Jakarta (ANTARA News) - Pakar Hukum Tata Negara Yusril Ihza Mahendra menyatakan bahwa Undang-Undang Ormas hasil pengesahan Peraturan Pemerintah Pengganti Undang-Undang Nomor 2 Tahun 2017 yang baru saja disahkan masih banyak problematikanya.

"Perppu ini kan memang banyak problematik di dalamnya itu. Kemarin sudah diuji di Mahkamah Konstitusi tapi sayang didahului oleh DPR, jadi kalau sudah didahului DPR sudah jadi Undang-Undang," kata Yusril seusai menghadiri upacara peringatan Hari Dharma Karya Dhika (HDKD) di gedung Kementerian Hukum dan HAM Jakarta, Senin.

Ia pun menyatakan setelah Undang-Undang Ormas itu, maka permohonan gugatan uji materi Perppu Ormas hanya bisa menguji dari sisi materinya saja.

"Kembali kepada pemohon apakah akan kembali menguji Undang-Undangnya walaupun sudah ada berbeda pengujiannya. Jadi, ini hanya menguji materilnya tetapi tidak menguji formilnya, formilnya kan pada Kementerian memaksa atau tidak," kata Yusril.

Menurut dia, kemungkinan dalam waktu dekat ini, Mahkamah Konstitusi akan mengeluarkan penetapan bahwa sidang uji materi Perppu itu dihentikan karena sudah kehilangan objeknya.

"Jadi, mantan pengurus HTI mengatakan kepada saya akan kembali menguji Undang-Undangnya, ya tetapi masih menunggu kapan ini disahkan, kapan diundangkan oleh Presiden dan nanti kalau sudah siap baru diuji lagi ke MK," kata mantan Menteri Hukum dan Perundang-Undangan periode 2001-2004 itu.

Lebih lanjut, ia menyatakan bahwa catatan revisi Undang-Undang Ormas yang paling utama terdapat pada Pasal 59 ayat 4.

Adapun isi Pasal 59 ayat 5 bahwa ormas dilarang:

a. Menggunakan nama, lambang, bendera atau simbol organisasi yang mempunyai persamaan pada pokoknya atau keseluruhannya dengan nama, lambang, bendera atau simbol organisasi gerakan separatis atau organisasi terlarang.

b. Melakukan kegiatan separatis yang mengancam kedaulatan Negara Kesatuan Republik Indonesia dan/atau

c. Menganut, mengembangkan serta menyebarkan ajaran atau paham yang bertentangan dengan Pancasila.

Selain itu, Yusril juga mempermasalahkan soal peniadaan dari kewenangan pengadilan untuk menilah apakah ormas itu bertentangan dengan Pancasila atau tidak.

"Kemudian peniadaan dari kewenangan pengadilan untuk menilai apakah betul ormas itu mengembangkan atau mengajarkan menganut paham bertentangan Pancasila atau tidak.
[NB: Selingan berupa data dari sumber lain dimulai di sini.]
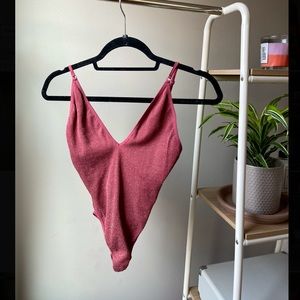 Urban outfitters pink body suit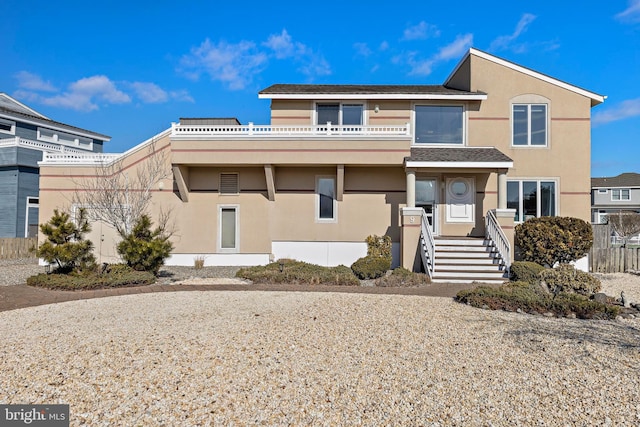 view of front of house featuring a balcony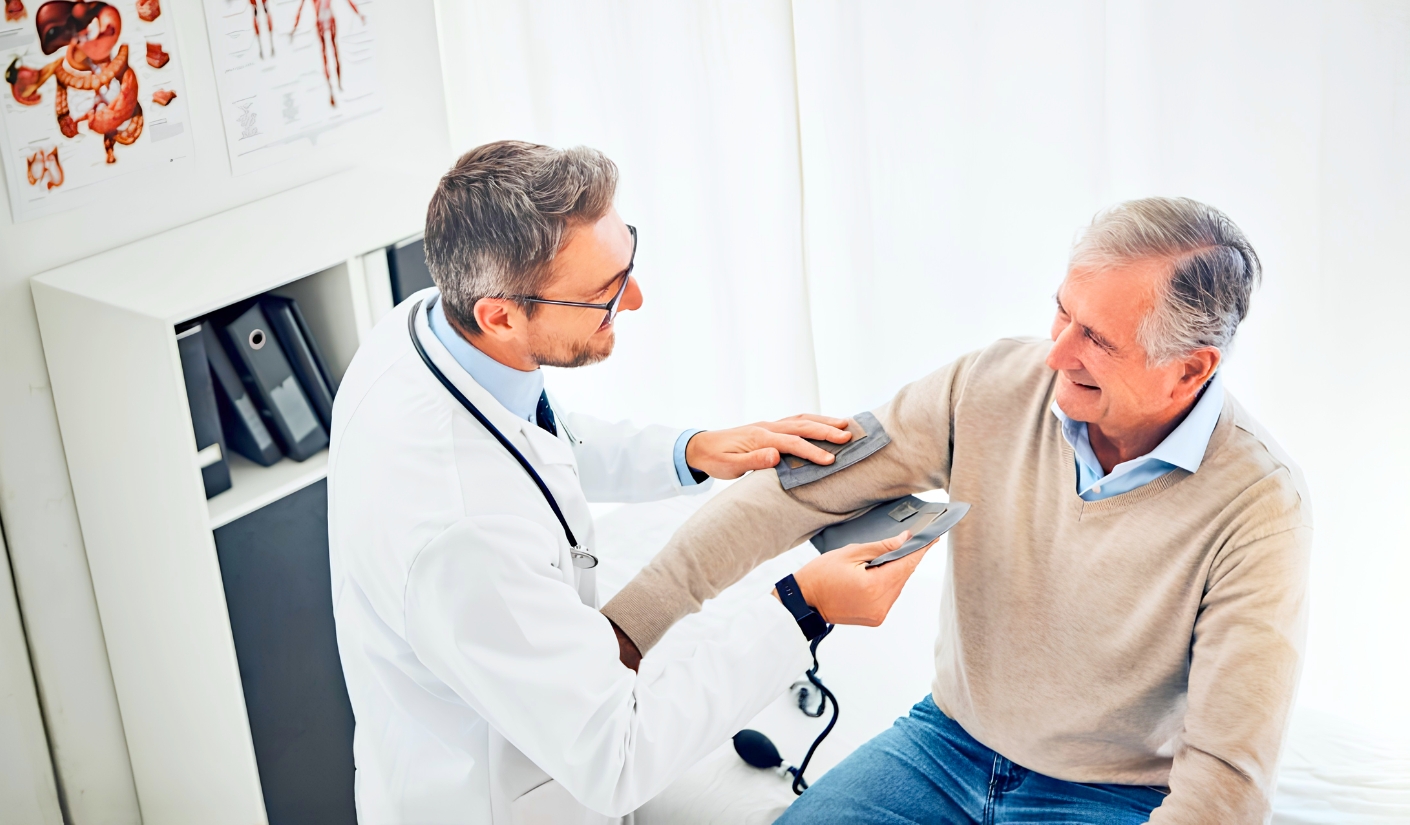 Doctor checks an older man's blood pressure by placing a cuff on his arm in a clinic setting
Itu yang paling penting," ucap Yusril.

Sebelumnya, DPR RI melalui rapat paripurna akhirnya memutuskan menyetujui Perppu Nomor 2 Tahun 2017 tentang Ormas menjadi undang-undang melalui mekanisme voting terbuka fraksi.

"Dari hasil voting terbuka, sebanyak 314 anggota dari tujuh fraksi menyatakan setuju, serta sebanyak 131 anggota dari tiga fraksi menyatakan tidak setuju. Anggota yang hadir seluruhnya sebanyak 445 orang," kata Wakil Ketua DPR RI Fadli Zon saat memimpin rapat paripurna lanjutan di Gedung MPR/DPR/DPD RI, Jakarta, Selasa (24/10).